Generally, symbolism is the representation of one thing by another. Such representations may concern persons, objects or ideas.
Symbolism is another way of creating imagery through comparison. This is what metaphor, smiles, personification and metonymy do.
If all these devices create imagery through comparison just like symbolism, what then are the peculiar features that distinguish symbolism as a device in poetry?
COMMON CONVENTIONAL SYMBOLS: These are objects whose mention alone calls to our minds particular persons, objects or ideas.
Let us look at colour symbols for example. The colour green is generally used to bring to our minds, the idea of freshness (fruits for example), growth and rebirth.The colour red is the conventional symbol for danger. Notice that all signs meant to warn you are usually printed in red.
Some religious symbols are conventional. Wherever you go in the world, the Cross is a symbol of the christian religion.
SYMBOLISM IN POETRY: Symbolism in poetry is a complex or sustained metaphor because like metaphor, it is an indirect expression. This indirect expression has a deeper meaning which is not immediately apparent.
The poet or writer helps us to get at such deeper meaning by constantly leaving us hints in the body of his writing.
For example, instead of talking about a person in prison, the writer may keep describing the prisoner watch how tree branches sway in the wind and how birds fly over the place.
In this case the tree branches, the wind, and the birds are not important themselves as objects but are important hints (symbols) of the yearning for freedom which the prisoner experiences.
This is because the tree branches, wind and birds he watches, move about freely unlike himself.
Another example, Lawino describes her woman rival in Okot p’Bitek’s‘Song of La Wino’ thus:
Her lips are red-hot
Like glowing charcoal,
She resembles the wild cat
That dipped its mouth in blood,
Her mouth is like raw yams
It looks like an open ulcer,
Like the mouth of a field!
Tina dusts powder on her face
And it looks so pale;
She resembles the wizard
Getting ready for the midnight dance
She dusts the ash-dirt allover her face
And when little sweat
Begins to appear on her body
She looks like the guinea fowl!When the beautiful one
With whom I share my husband
Returns from cooking her hair
She resembles
A chicken
That has fallen into a pond;
Her hairs looks
Like the python’s discarded skin
In the above lines, the poet consistently (through Lawino’s descriptions) depicts Tina as a woman who does all kinds of things to make her look like a White woman.

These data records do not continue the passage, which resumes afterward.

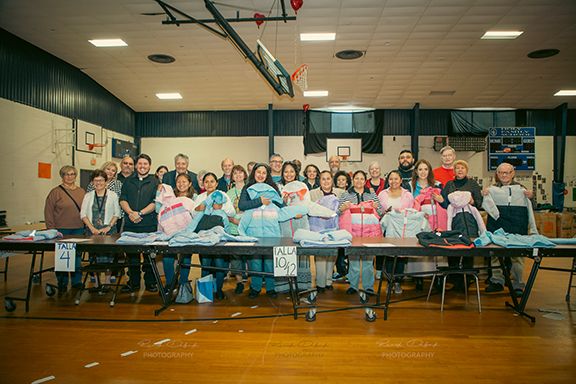 Our Lady of Guadalupe Parish receives 600 coats.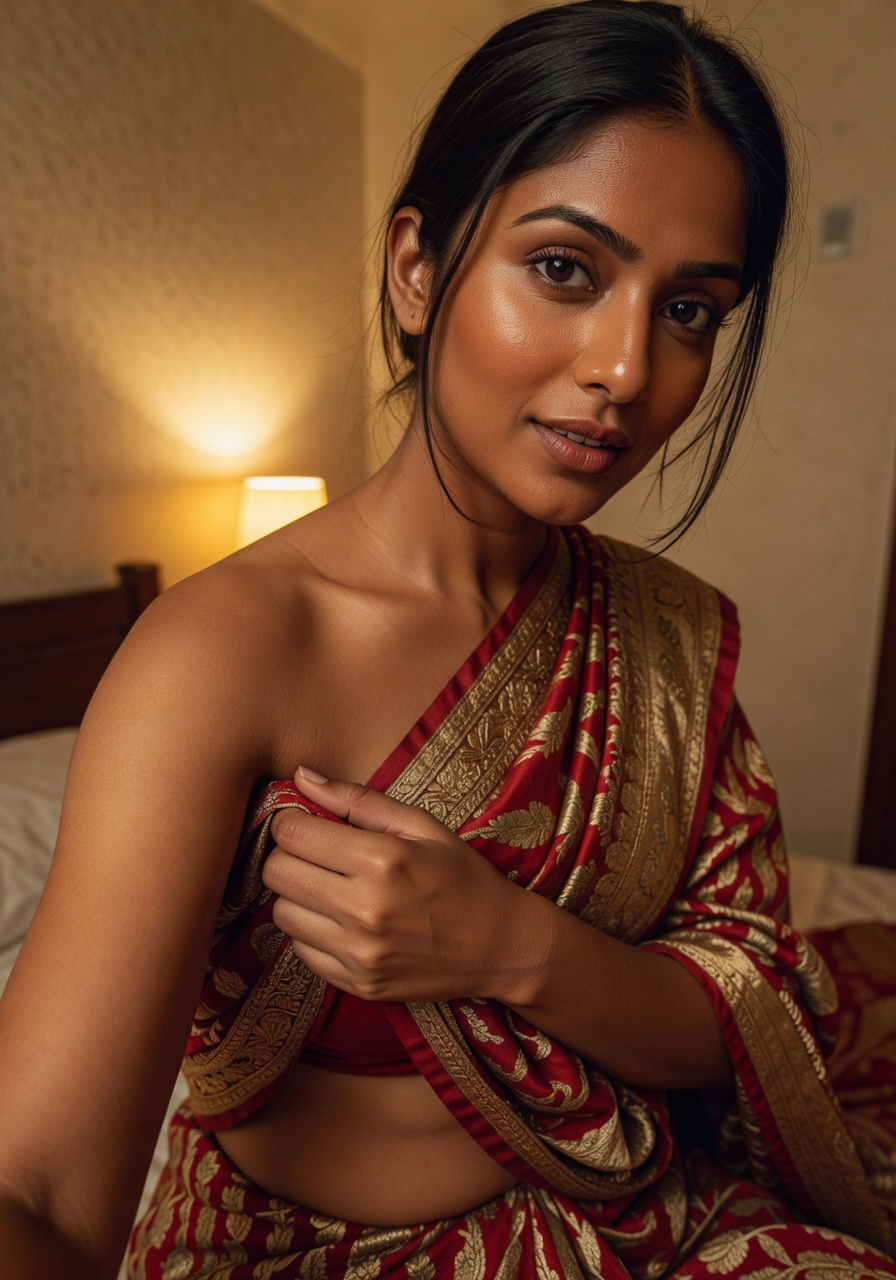 Sunita in Saree — Desi Undressing Set — Free Desi XXX Gallery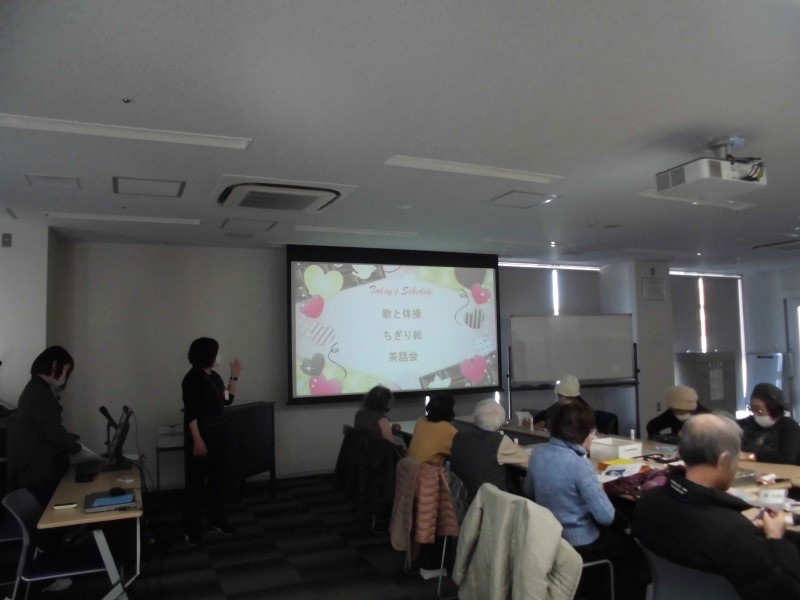 木村病院2月の認知症カフェ会場の様子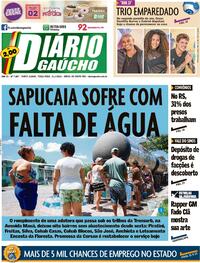 Capa do jornal Diário Gaúcho 31/01/2023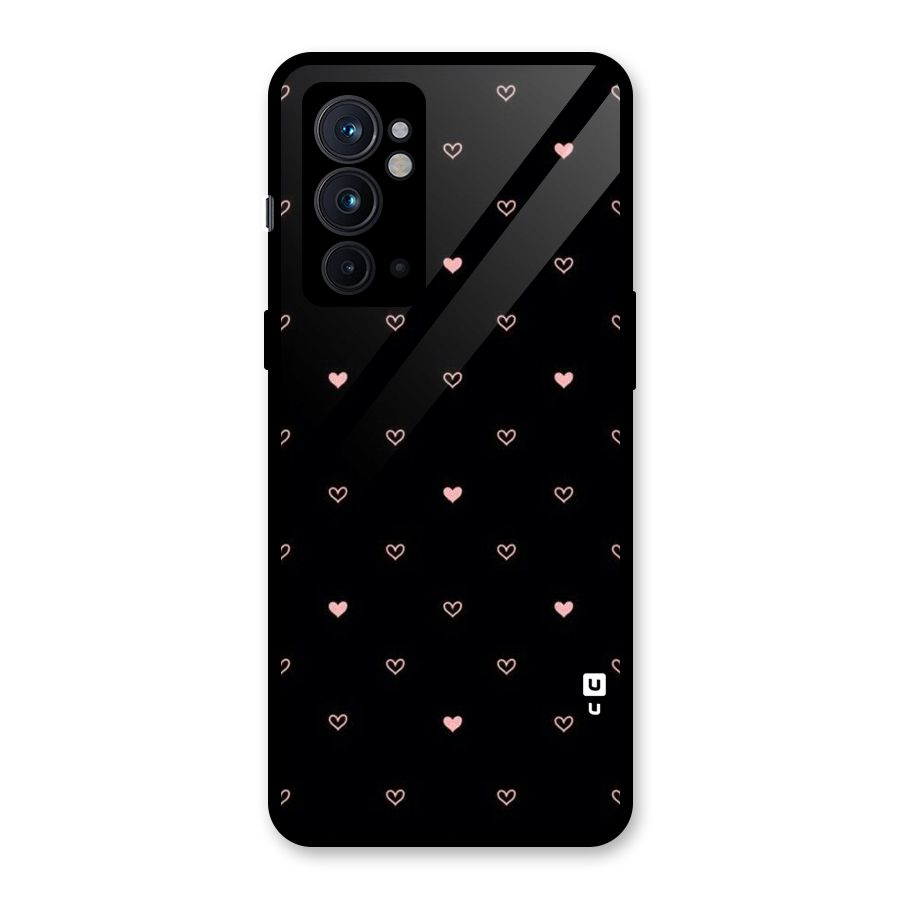 Tiny Little Pink Pattern Glass Back Case for OnePlus 9RT 5G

A few of these things include painting her lips very red, dusting her face with powder and ‘cooking’ her hair.
The picture of Tina is so consistent that the poet’s intention becomes clear: Tina does not belong to the culture of her people. She is alienated. She is the symbol of alienation.
Notice that in the example above, we arrive at the symbolism eventually because Tina’s portrait throughout the poem is not varied.
This consistency of intention in depicting people, objects and ideas is one of the basic distinguishing features between symbols and metaphors. A symbol recurs many times with the same consistent meaning.
Another way of advancing the same argument would be to say that when a metaphor occurs many times in a piece of writing and with the same meaning it becomes a symbol.
For example, it is true to say that Tina is compared to a white woman.
However, this image of her recurs throughout the poem and sustains the intention to such an extent it ceases to be an ordinary metaphor.
The same kind of argument goes for symbols of the the Cross for Christianity and the Crescent moon for Islam. Wherever and whenever these two images appear they consistently represent Christianity and Islam respectively.